I don’t know exactly what I want to do for my career and I didn't specialize in a program where my path is dictated for me — and that’s okay. I'm now going through the process of figuring out what my interests are and what I really value in life and I see a number of opportunities. This year, I also want to focus on clean sport. I really want to be part of the movement that's pushing for some change.
The transition process has probably been a little easier for me because I left Pyeongchang with a silver medal. It's still hard to put into words what it felt like to win that medal. It was the most exhilarating feeling to stand on the podium with my teammates with such a meaningful medal for our team and for the country. We’d finished fourth in Sochi after a really strong season, just a 10th of a second off the podium. Last December, we were told the medal would be upgraded to bronze due to the Russian doping scandal — and then, on Feb.1, the Court of Arbitration for Sport upheld an appeal by the Russians, so we dropped back to fourth.
Pyeongchang was also a real moment of relief for us. The work was worth it in the end. There was also relief in knowing that good guys can win sometimes. It just felt like our team deserved it and it was really nice that we were able to experience that.
It would be a much different conversation now had we not won that medal.
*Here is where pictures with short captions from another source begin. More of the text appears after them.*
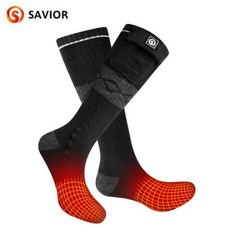 스노우보드빅사이즈양말 Sior Heat-배터리 전기 온열 겨울 양말 따뜻한 야외 스포츠 사이클링을 위한 충전, CHINA, 04 S05B_03 L, 1개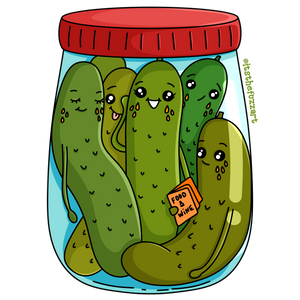 Pickle Jar Sticker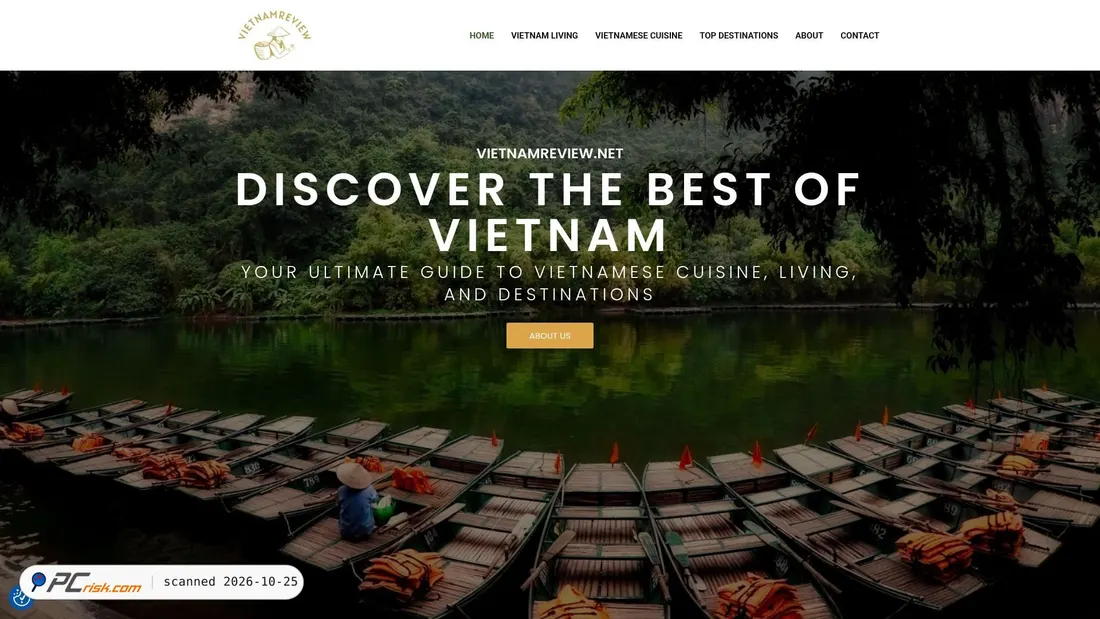 Captura de pantalla de vietnamreview.net
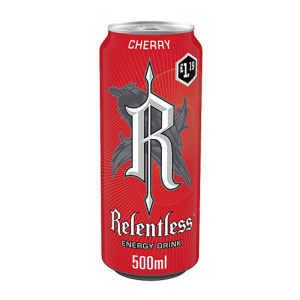 Relentless Cherry Pm 1.00 500Ml – Case Qty – 12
That is the case for so many athletes, and you have to think about what they might be going through internally when they leave competitive sports.
Pyeongchang was a really good experience for me and I think that was about being at peace with where I was in my career, and knowing that I was ready to go on to the next thing, regardless of what happened. That was a big part of it, knowing it wasn't all about the Olympics at this point, that there was a life after that.
It’s like standing at the start line of a whole new race.